▸ **Task details**
Only the lines from the one that contains "Danfoss Redan Pladevarmeveksler" through the end of the entries, both included, should be transcribed, exactly and without pictures.

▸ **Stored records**
----------------
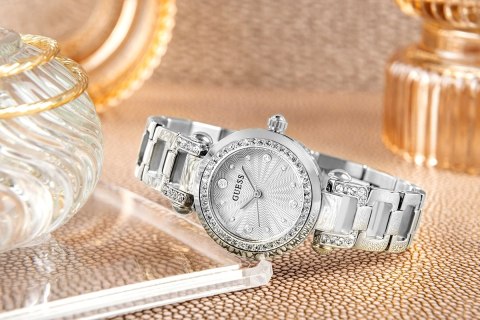 Zegarek Damski Guess Ginger GW0869L3 + BOX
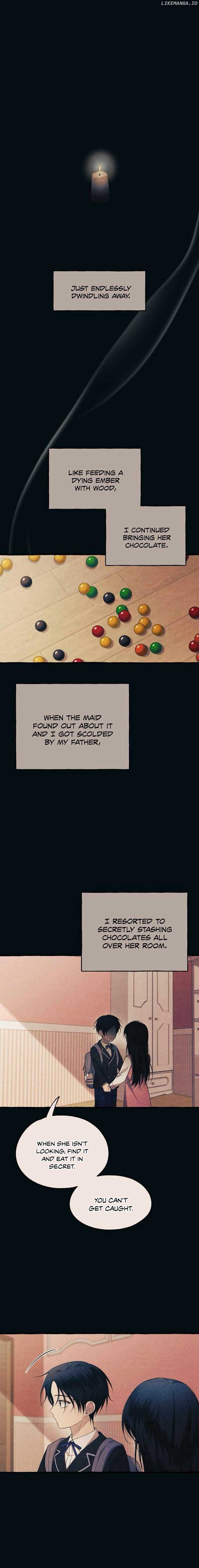 Yeonwoo’s Innocence Chapter 186 - Page 2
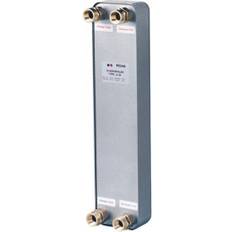 Danfoss Redan Pladevarmeveksler Type 2-12 Uden Kappe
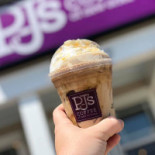 Pj's Coffee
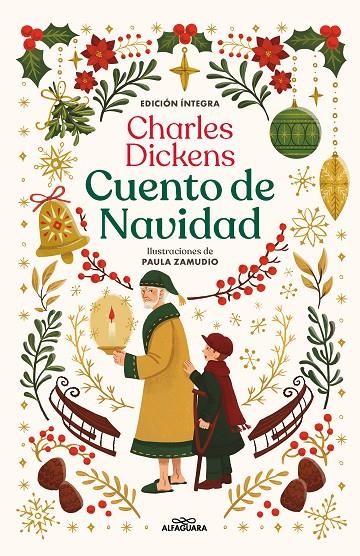 Cuento de navidad | 9788419507594 | Dickens, Charles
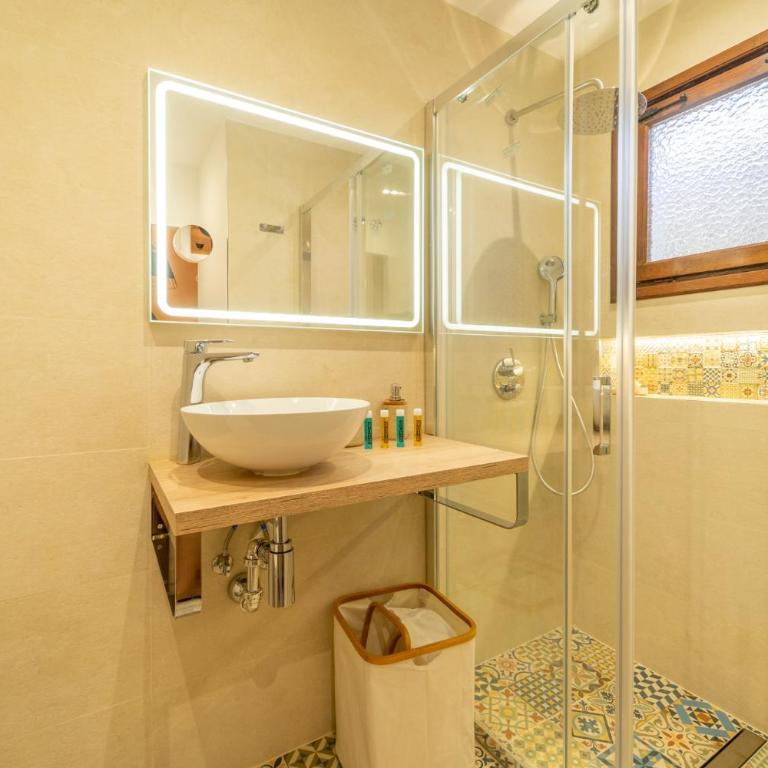 Myflats Villa los Pinos - Villa con piscina privada - 57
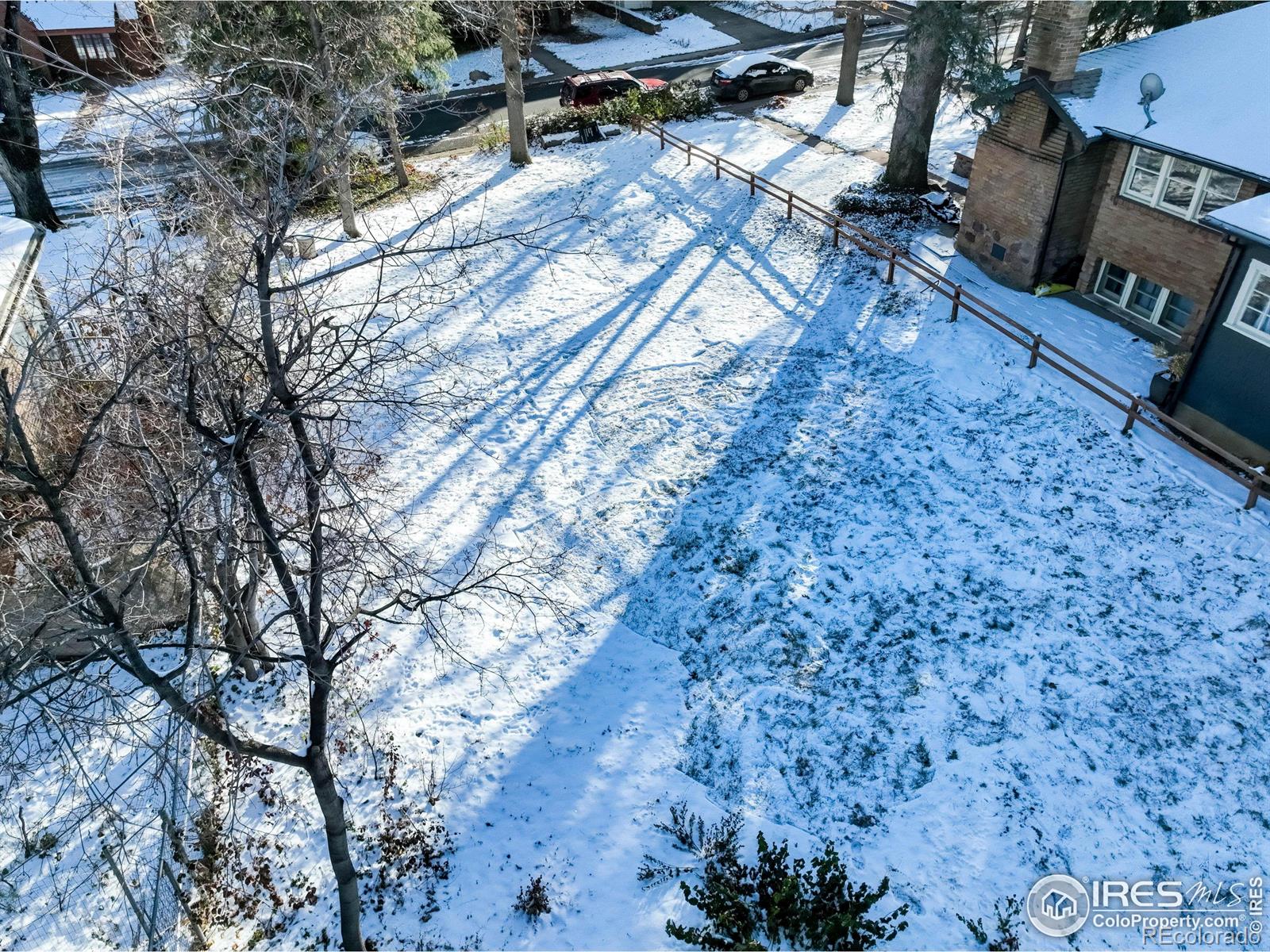 757 12th Street, Boulder, CO 80302, ,Land,For Sale,12th,RECIR995992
----------------
▸ **Your response**
 Danfoss Redan Pladevarmeveksler Type 2-12 Uden Kappe
 Pj's Coffee
 Cuento de navidad | 9788419507594 | Dickens, Charles
 Myflats Villa los Pinos - Villa con piscina privada - 57
 757 12th Street, Boulder, CO 80302, ,Land,For Sale,12th,RECIR995992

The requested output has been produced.